Note, Wavering faith and wavering resolutions give great advantage to the tempter.
He [the serpent] denies that there was any danger in it, insisting that, though it might be the transgressing of a precept, yet it would not be the incurring of a penalty: You shall not surely die, Genesis 3:4. “You shall not dying die,” so the word is, in direct contradiction to what God had said. Either,
1. “It is not certain that you shall die,” so some. “It is not so sure as you are made to believe it is.” Thus Satan endeavours to shake that which he cannot overthrow, and invalidates the force of divine threatenings by questioning the certainty of them; and, when once it is supposed possible that there may be falsehood or fallacy in any word of God, a door is then opened to downright infidelity.

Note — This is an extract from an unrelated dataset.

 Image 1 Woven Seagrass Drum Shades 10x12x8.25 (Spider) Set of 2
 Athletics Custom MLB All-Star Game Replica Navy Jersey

Satan teaches men first to doubt and then to deny; he makes them sceptics first, and so by degrees makes them atheists. Or,
2. “It is certain you shall not die,” so others. He avers his contradiction with the same phrase of assurance that God had used in ratifying the threatening. He began to call the precept in question (Genesis 3:1), but, finding that the woman adhered to that, he quitted that battery, and made his second onset upon the threatening, where he perceived her to waver; for he is quick to spy all advantages, and to attack the wall where it is weakest: You shall not surely die. This was a lie, a downright lie; for,
b) It was contrary to his own knowledge. When he told them there was no danger in disobedience and rebellion he said that which he knew, by woeful experience, to be false . He had broken the law of his creation, and had found, to his cost, that he could not prosper in it; and yet he tells our first parents they shall not die. He concealed his own misery, that he might draw them into the like: thus he still deceives sinners into their own ruin. He tells them that, though they sin, they shall not die; and gains credit rather than God, who tells them, The wages of sin is death.
Note, Hope of impunity is a great support to all iniquity, and impenitency in it. I shall have peace, though I walk in the imagination of my heart, Deuteronomy 29:19.
Let us be aware and wary. Aware in what we do, and wary of the snares of the enemy who is out to entrap us, just as he did Eve.